=== Section Start ===
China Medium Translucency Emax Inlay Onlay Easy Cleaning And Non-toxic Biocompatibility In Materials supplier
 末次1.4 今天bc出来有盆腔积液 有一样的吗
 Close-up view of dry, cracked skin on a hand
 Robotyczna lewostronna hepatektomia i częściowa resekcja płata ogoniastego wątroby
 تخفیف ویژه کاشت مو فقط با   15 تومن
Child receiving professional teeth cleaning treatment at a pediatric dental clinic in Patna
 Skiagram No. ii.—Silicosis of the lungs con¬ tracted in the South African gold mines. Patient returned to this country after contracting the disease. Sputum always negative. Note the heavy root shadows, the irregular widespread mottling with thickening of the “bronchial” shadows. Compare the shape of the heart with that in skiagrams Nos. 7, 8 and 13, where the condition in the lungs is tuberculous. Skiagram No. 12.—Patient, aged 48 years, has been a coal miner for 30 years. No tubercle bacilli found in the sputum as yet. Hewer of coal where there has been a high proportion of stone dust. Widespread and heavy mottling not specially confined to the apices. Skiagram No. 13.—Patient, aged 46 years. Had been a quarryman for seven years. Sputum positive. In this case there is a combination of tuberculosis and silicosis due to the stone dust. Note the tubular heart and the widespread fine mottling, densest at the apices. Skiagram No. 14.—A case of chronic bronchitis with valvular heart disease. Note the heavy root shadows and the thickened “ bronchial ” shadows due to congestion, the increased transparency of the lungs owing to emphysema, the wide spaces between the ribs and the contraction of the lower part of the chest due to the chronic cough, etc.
=== Section End ===
Assignment =>
The whole block of entries above should be repeated exactly.

Task result =>
China Medium Translucency Emax Inlay Onlay Easy Cleaning And Non-toxic Biocompatibility In Materials supplier
 末次1.4 今天bc出来有盆腔积液 有一样的吗
 Close-up view of dry, cracked skin on a hand
 Robotyczna lewostronna hepatektomia i częściowa resekcja płata ogoniastego wątroby
 تخفیف ویژه کاشت مو فقط با   15 تومن
Child receiving professional teeth cleaning treatment at a pediatric dental clinic in Patna
 Skiagram No. ii.—Silicosis of the lungs con¬ tracted in the South African gold mines. Patient returned to this country after contracting the disease. Sputum always negative. Note the heavy root shadows, the irregular widespread mottling with thickening of the “bronchial” shadows. Compare the shape of the heart with that in skiagrams Nos. 7, 8 and 13, where the condition in the lungs is tuberculous. Skiagram No. 12.—Patient, aged 48 years, has been a coal miner for 30 years. No tubercle bacilli found in the sputum as yet. Hewer of coal where there has been a high proportion of stone dust. Widespread and heavy mottling not specially confined to the apices. Skiagram No. 13.—Patient, aged 46 years. Had been a quarryman for seven years. Sputum positive. In this case there is a combination of tuberculosis and silicosis due to the stone dust. Note the tubular heart and the widespread fine mottling, densest at the apices. Skiagram No. 14.—A case of chronic bronchitis with valvular heart disease. Note the heavy root shadows and the thickened “ bronchial ” shadows due to congestion, the increased transparency of the lungs owing to emphysema, the wide spaces between the ribs and the contraction of the lower part of the chest due to the chronic cough, etc.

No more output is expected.